Economists Flag Growth, Forex and Spending Gaps in National Recovery Plan

Major gaps in economic growth strategy, foreign exchange generation, public spending priorities and implementation capacity threaten to undermine Malawi’s proposed National Economic Recovery Plan (Nerp), economists have warned.

RBM Boss: Patridge

The Economics Association of Malawi (Ecama) says the draft plan correctly identifies the country’s economic challenges but fails to adequately address critical weaknesses in export diversification, forex generation, public expenditure management, governance reforms and private sector competitiveness—issues it argues lie at the heart of Malawi’s recurring economic crises.

Presenting the association’s analysis during a national consultative workshop on the recovery plan in Lilongwe on Wednesday, Ecama president Bertha Bangara-Chikadza said the country’s economic problems run much deeper than the external shocks and macroeconomic instability highlighted in the draft plan.

“The country’s economic problems stem not only from external shocks and macroeconomic instability, but also from deep-seated structural weaknesses, including low productivity, weak export diversification, persistent governance failures, inefficient public spending and limited private-sector competitiveness,” she said.
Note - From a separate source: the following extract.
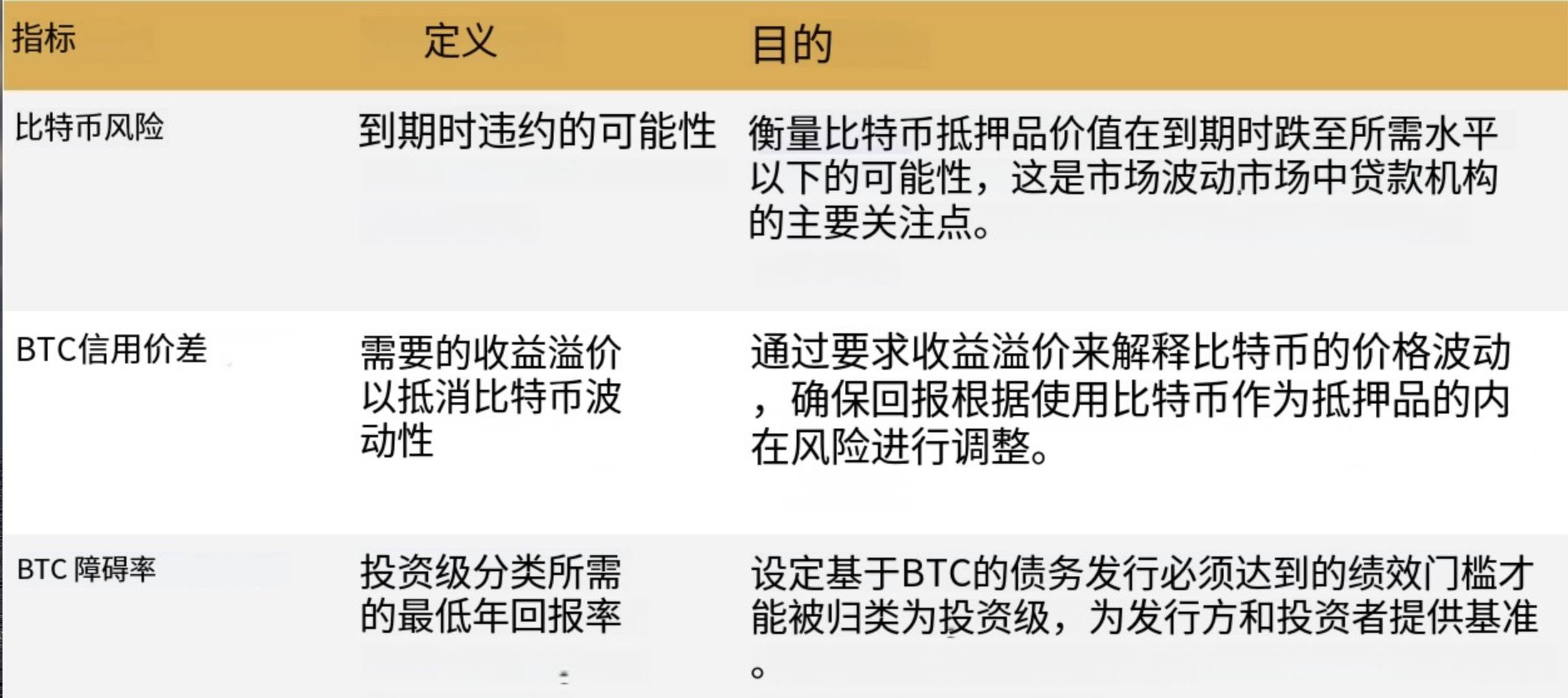 比特币成企业财务新宠，为什么大家争相效仿Strategy？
Ecama observed that while government has identified Agriculture, Tourism, Mining and Manufacturing (ATMM) as the sectors expected to drive economic growth, public investment remains disproportionately concentrated in agriculture.

The association argued that Malawi needs a deliberate shift towards sectors capable of generating foreign exchange, including tourism, mining, horticulture and value-added manufacturing if the recovery plan is to succeed.

It further said fiscal consolidation should not focus solely on expenditure cuts but must also tackle procurement inefficiencies, corruption, tax evasion and illegal mining, which continue to drain public resources.

The concerns echoed remarks by George Patridge, who told the workshop that Malawi’s persistent foreign exchange shortages are rooted in deeper macroeconomic imbalances.

According to Patridge, rapid money supply growth, excessive borrowing and widening fiscal deficits have pushed demand for foreign currency far beyond the economy’s productive capacity.

“Fifty-one percent money supply growth while your GDP is growing at less than two percent tells you a lot about the pressure that you are putting on foreign exchange in terms of demand,” he said.

Ecama also warned that implementation of the recovery plan could be hampered by high public debt, limited fiscal space and rising interest payment obligations unless government succeeds in attracting more private sector investment.

Supporting that view, Temwani Simwaka said capital markets could help finance long-term development projects where commercial banks are unable to provide sufficient funding.

“Where banks are unable to finance long-term projects, the Stock Exchange is in the right position to mobilise resources,” he said.

The observations come as government seeks to build consensus around a recovery strategy aimed at restoring economic stability and growth. However, economists argue that unless the identified gaps are addressed, the plan risks falling short of delivering the structural reforms needed to transform Malawi’s economy.